Lacrimal Duct Surgery
Tears are produced by the lacrimal gland, which is located laterally under the upper eyelid. The tear fluid flows in the inner eyelid through the lacrimal punctum and lacrimal duct. (Eyelid movement and lid pumping motion as well as the tear ducts). The tear fluid forms a film in the eye that is moistened as the eye blinks, protecting the delicate transparent cornea.
A narrowing of the tear ducts is known as stenosis, which can be caused by inflammation, scarring, tumors or stones. The narrowed duct can be reopened with an endoscopic laser, cannula or balloon (recanalization). Such operations are low risk. If the lacrimal sac becomes totally constricted, a connection can be established from the lacrimal sac to the nasal mucous membrane. Finally, a thin silicone tube is inserted into the lacrimal duct, where it remains for about three months to prevent subsequent constriction. The surgical procedure is especially low risk.

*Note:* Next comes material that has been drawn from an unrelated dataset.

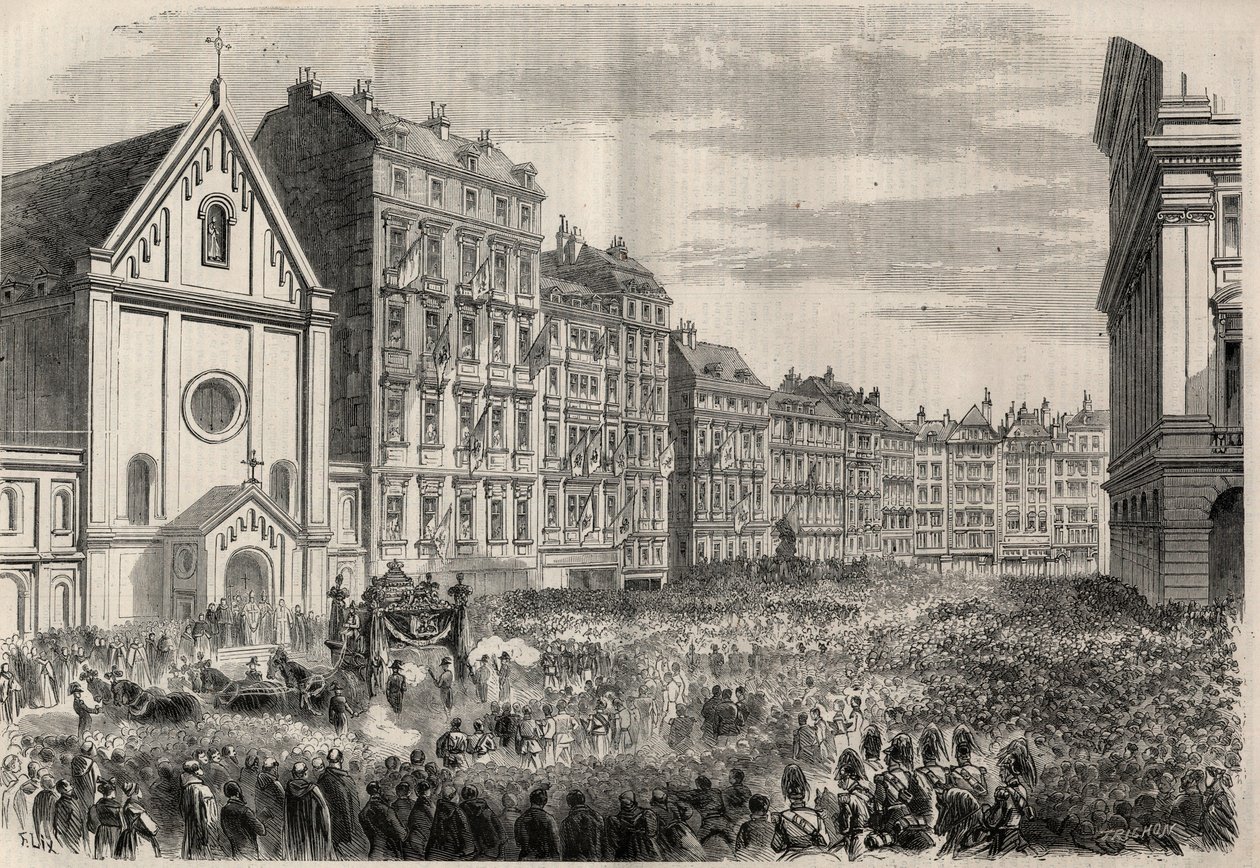 Begräbnis von Kaiser Maximilian I. von Mexiko (1832-1867): Ankunft des Trauerzugs vor der Kapuzinerkirche in Wien. Gravur in „L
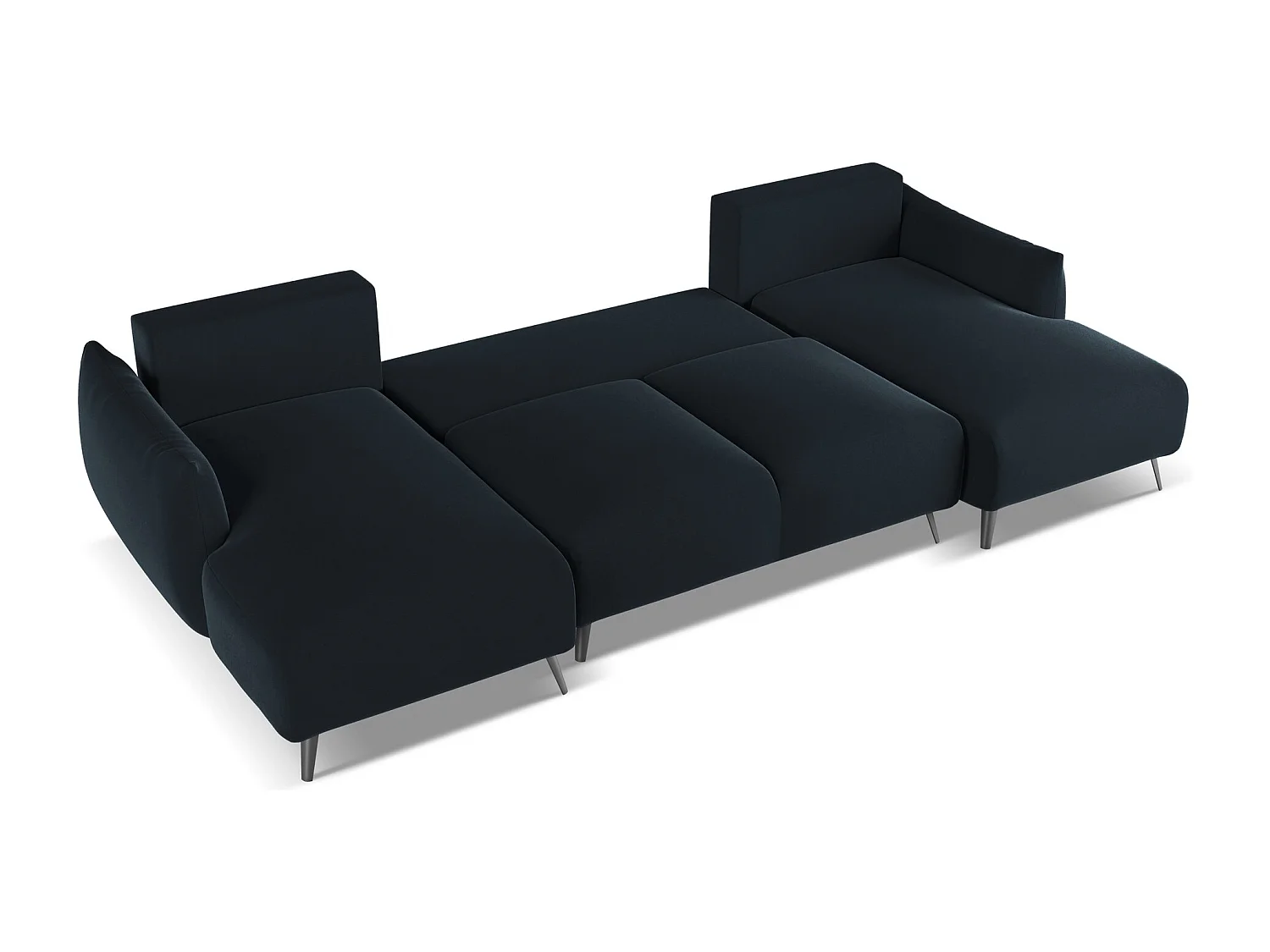 Große Wohnlandschaft - Ecke Rechts - Samt - Königsblau - MALIE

Eyelids moisten the eyes and protect them. But if an eyelid is incorrectly positioned, its functionality is affected. The field of vision can become limited by excess eyelid skin or sagging eyelid muscles and their tendons. There are also a variety of congenital eyelid malpositions and malformations. Eyelid surgery aims to restore physiological lid function and achieve a cosmetically satisfactory result.It involves surgical intervention in the eyelid skin and muscles to remedy the problem, such as removing or tightening excess skin. These days eyelid surgery often plays a role in cosmetic surgery, too, in order to rejuvenate and make the area around the eyes look younger.
Both benign and malignant tumors can also form on the eye. Depending on the type and location of the tumor, they should be removed surgically. For example, basal cell carcinoma is a frequent tumor found on the eyelids. Although this form very rarely produce secondary tumors or metastasize, it can continue to grow and infiltrate into the eyeball and bone. Even melanomas, sarcomas and other types of tumors can occur in the eye. Depending on the findings, different steps need to be taken. These range from removing a hemangioma with a laser to surgical removal of tumor tissue and irradiation of the affected tissue. If the retina and choroid are affected, the eyeball may even have to be removed.